I have written in the past about "oil industry subsidies." Rather than using a hyperlink, I will just reproduce my 2011 blog entry text here:
Semantics are wondrous things. Many politicians, including some Republicans, are now calling for the elimination of oil industry "subsidies" as one small way of closing our heinous budget deficit. These subsidies supposedly total $4.4 billion per year (see: Oil Industry Subsidies.) This is a very small amelioration (less than 0.3%) considering that our budget deficits are now running around $1.6 trillion per year.Now, I am old enough to remember what these oil-industry "subsidies" really are. They used to be called "oil depletion allowances." These allowances were meant to equate to "depreciation" in other industries. In other words, as an oil company either purchased or leased the mineral rights to a piece of land ... and then extracted the oil, there was a reduced value to this land since the oil was being extracted. Thus oil companies were allowed to "depreciate" this depleted oil deposit to allow them to then go and buy or lease other land to look for more oil.
Can we thus call the ability of General Motors to depreciate the machinery (robots, machine tools, etc.) it uses to make cars an "auto-industry subsidy?" If we did, all hell would break loose. Now maybe the formulas used to calculate oil depletion allowances need to be reformulated given the new technology used in oil extraction. But to eliminate these oil-industry "subsides" entirely is but another step in our tree huggers' attempt to emasculate the United States' energy-producing capabilities. This is a little like playing Russian Roulette with five bullets in your six-shooter.

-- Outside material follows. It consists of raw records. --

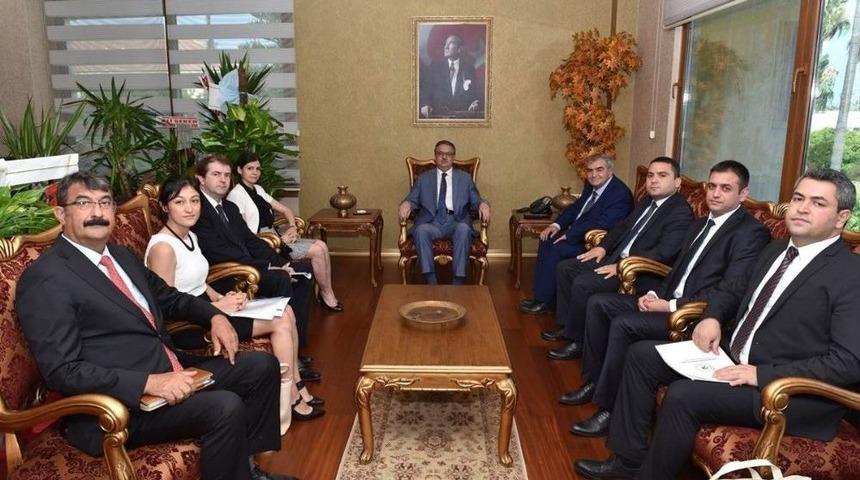 Vali Su&rsquo;ya Hayırlı Olsun Ziyaretleri S&uuml;r&uuml;yor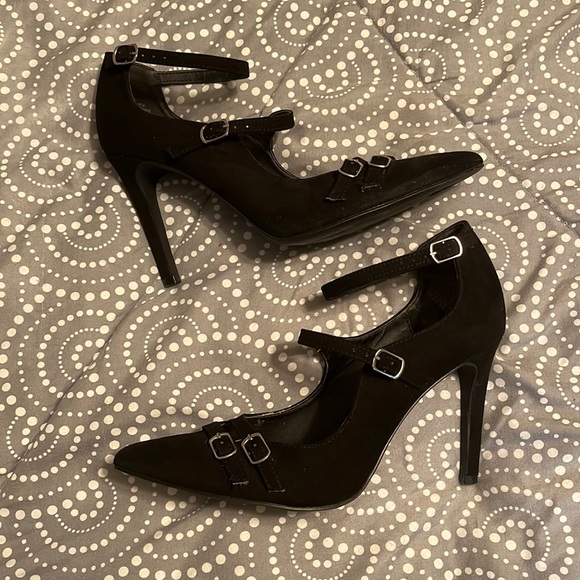 JustFab Shoes - JustFab sexy strappy silver buckle black heels size 10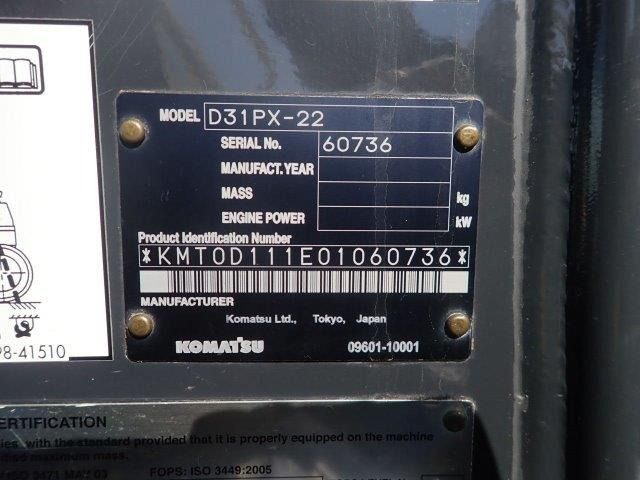 D31PX-22-60736-046.jpg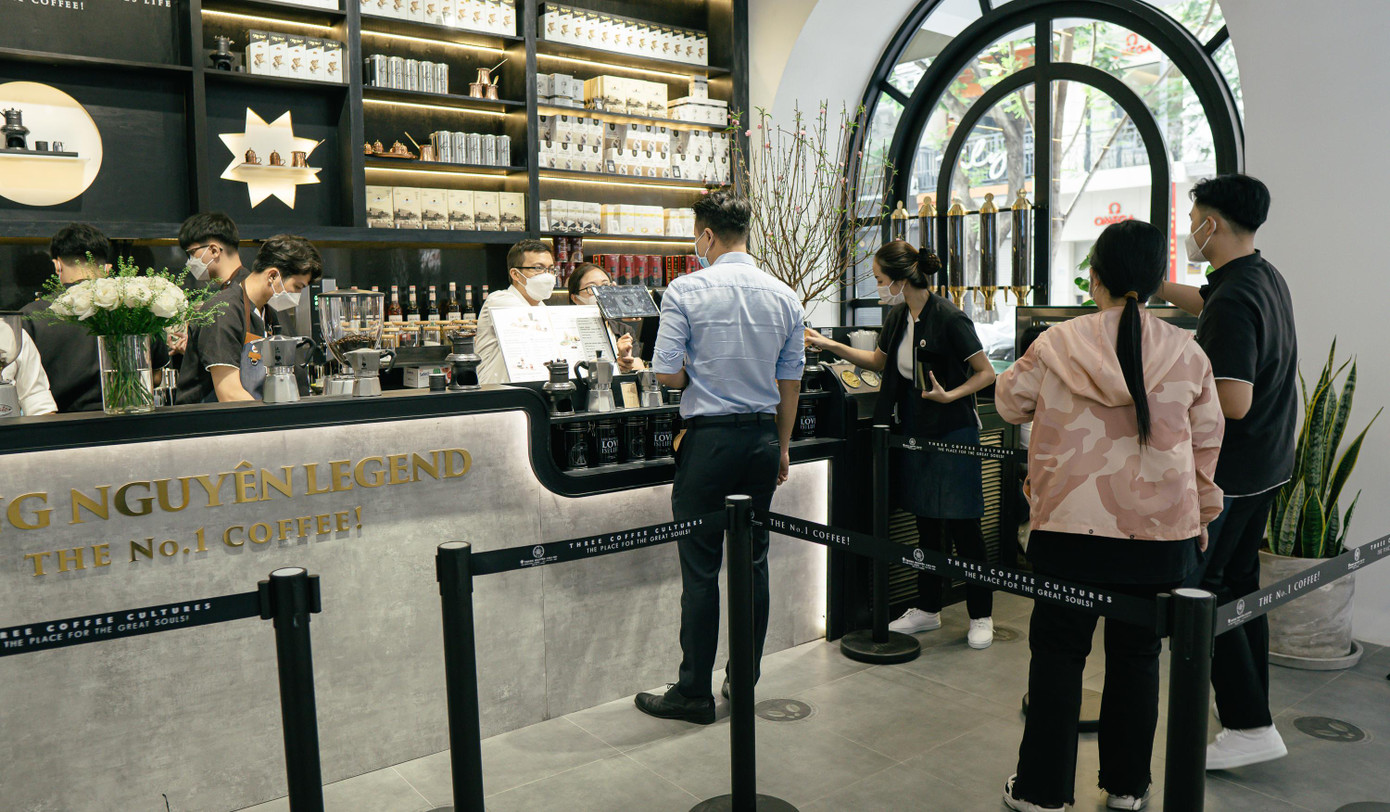 Các chuyên gia Trung Nguyên Legend luôn sẵn sàng tư vấn, chia sẻ những câu chuyện thú vị, đầy cảm hứng về cà phê và vĩ nhân, ba nền văn minh cà phê khi bạn đến với Thế giới cà phê Trung Nguyên Legend.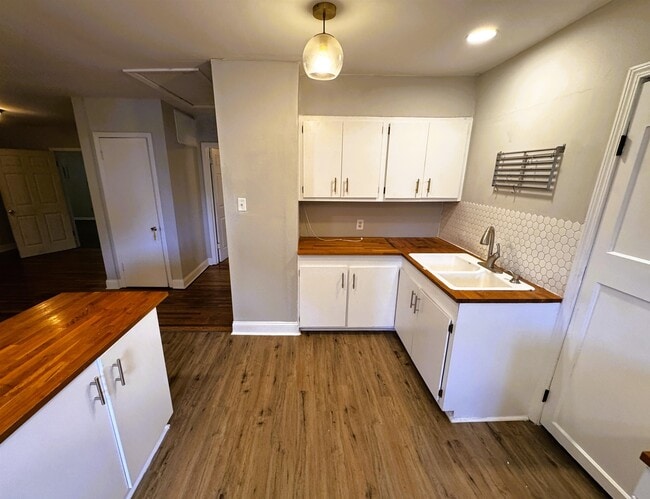 Building Photo - 3829 Guernsey Ave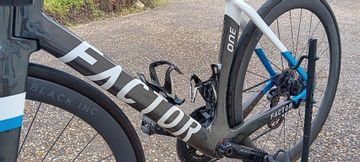 Gebrauchtes Factor One Disc T52 M 2022 Road & Gravel, Weiß — Bild 17 von 21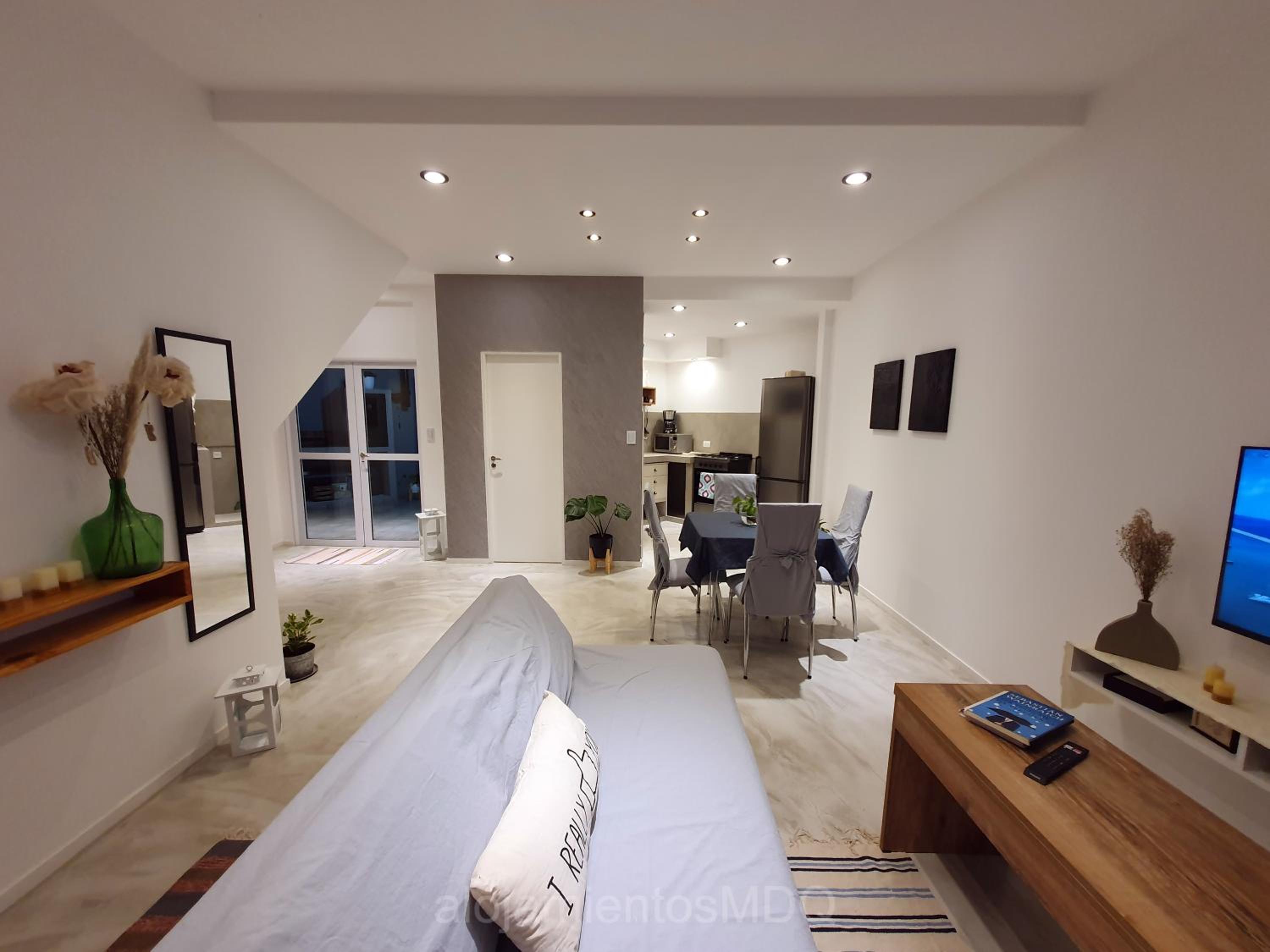 Casa Bruna, Divina y recién Renovada en Mar del Plata proximo Mogotes, a las playas del sur y El Faro - Somos AlojamientosMDQ -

I pretty much said what needed to be said back in 2011, but now Jeanne Shaheen of New Hampshire is using this same demagoguery against Scott Brown in their Senate race up there. If we are ever going to achieve energy independence in this country, it will not be by eliminating this valid accounting process for oil exploration companies. Machinery wears out and is obsoleted ... and needs to be replaced. That is why depreciation is a valid accounting entry for manufacturing companies. Such is also the case for oil in the ground. Once it is gone then the high prices paid for this resource is lost unless it was allowed to be depreciated like any other income-producing asset. This is not a "subsidy" ... it is simply a logical accounting rule ... something that seems continually to be lost on liberals ... and naive voters
Why the media, accounting professionals and university professors don't come to defend this age-old accounting practice is beyond me. Oh, yes ... I think I just answered my own question.